TASK PROMPT
Would you reproduce exactly, and only, the lines starting at the one with "Sandalo wedge metallico" and ending at the last line of the data, with both included? Leave the pictures out.

GIVEN DATA

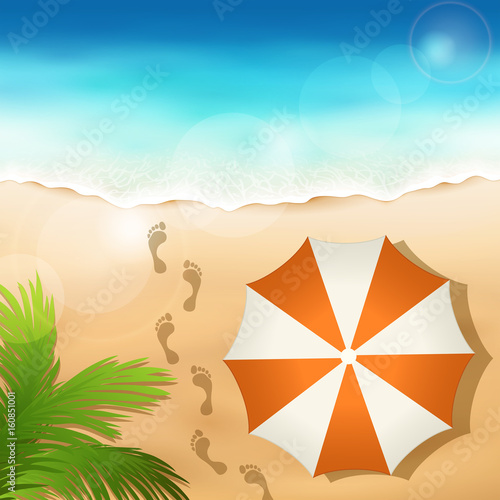 Sandy beach with a beach umbrella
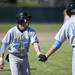 Skyline High School junior Justin Woods celebrates scoring a run with teammate Jack Clark during a double header against Chelsea on Monday, April 22. Daniel Brenner I AnnArbor.com
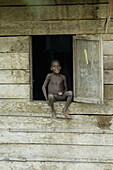 Boy sitting in the window and smiling, Indonesia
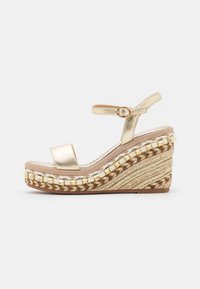 Sandalo wedge metallico dorato con cinturino alla caviglia, fascia anteriore ampia e suola in espadrille intrecciata con accenti bianchi e dorati.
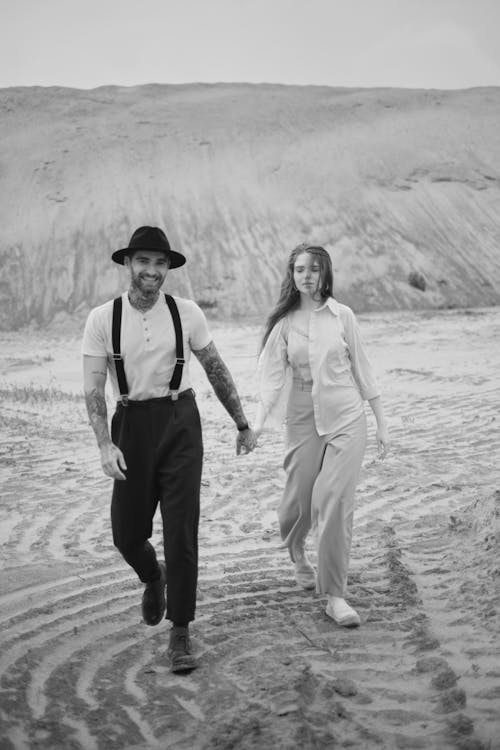 A man and woman walking in the desert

EXPECTED OUTPUT
 Sandalo wedge metallico dorato con cinturino alla caviglia, fascia anteriore ampia e suola in espadrille intrecciata con accenti bianchi e dorati.
 A man and woman walking in the desert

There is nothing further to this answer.